こんにちは。弁護士の角地山です。
今回も、普通建物賃貸借の契約書における特約の有効性について検討していきたいと思います。
よく普通建物賃貸借契約書の中で、賃貸期間中に賃料の増額請求を禁止するだとか、賃料の減額請求を禁止するといった特約を見ることがあります。
賃料の増額請求を禁止するという特約を不増額特約、賃料の減額請求を禁止するという特約を不減額特約と言います。
まず、不増額特約について、このような特約が有効となるのでしょうか。
前提として、借地借家法上、賃貸期間中であっても賃貸人からの賃料増額請求は認められています。
従前、賃貸借契約で賃料を定めても、経済事情の変動などにより、従前定めた賃料が不相当に安くなってしまうということがあります。
そのため、借地借家法は、①土地建物に対する租税その他の負担の増減、②土地建物価格の上昇低下その他の経済事情の変動、③近傍同種の建物の賃料との比較などの事情を総合的に考慮し賃料が不相当に低い場合には、賃料の増額請求が認められるとしています(借地借家法32条1項)。

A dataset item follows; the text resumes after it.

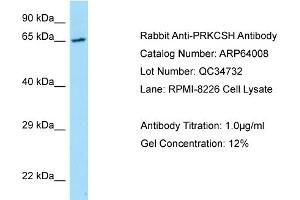 Western Blotting (WB) image for anti-Protein Kinase C Substrate 80K-H (PRKCSH) (N-Term) antibody (ABIN2789692) (PRKCSH anticorps  (N-Term))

不増額特約は、このような賃料増額請求を禁止するものです。この特約は、賃貸借期間中に賃貸人からの賃料増額請求を禁止するもので、賃借人に有利な特約と言えます。
そのため、賃借人を厚く保護している借地借家法も、この不増額特約が有効であることを認めています(借地借家法32条1項但書)。
次に、不減額特約の有効性について、検討しましょう。
借地借家法では、賃料増額請求と同様、賃貸期間中であっても賃借人からの賃料減額請求が認められています。この場合も、上記①から③などの事情を総合考慮し、賃料が不相当に高いかどうかが判断されます。
不減額特約は、この賃料減額請求を禁止するもので、賃貸人に有利な特約と言えます。
この点、借地借家法では、不増額特約を認める借地借家法32条1項但書のように、不減額特約についての直接の規定はありません。
しかしながら、借地借家法32条1項本文では「契約の条件にかかわらず、当事者は、将来に向かって建物の借賃の額の増減を請求することができる」と規定されています。
したがって、最高裁で不減額特約については無効とされています。
以上をまとめると、普通建物賃貸借において、不増額特約は有効、不減額特約は無効となります。
なお、定期建物賃貸借の場合には、いずれの特約も有効とされています。
普通建物賃貸借の契約書に不減額特約が付されている場合、そのような特約は無効ですから、将来、賃借人の側から賃料減額請求がなされる可能性があることには注意しましょう。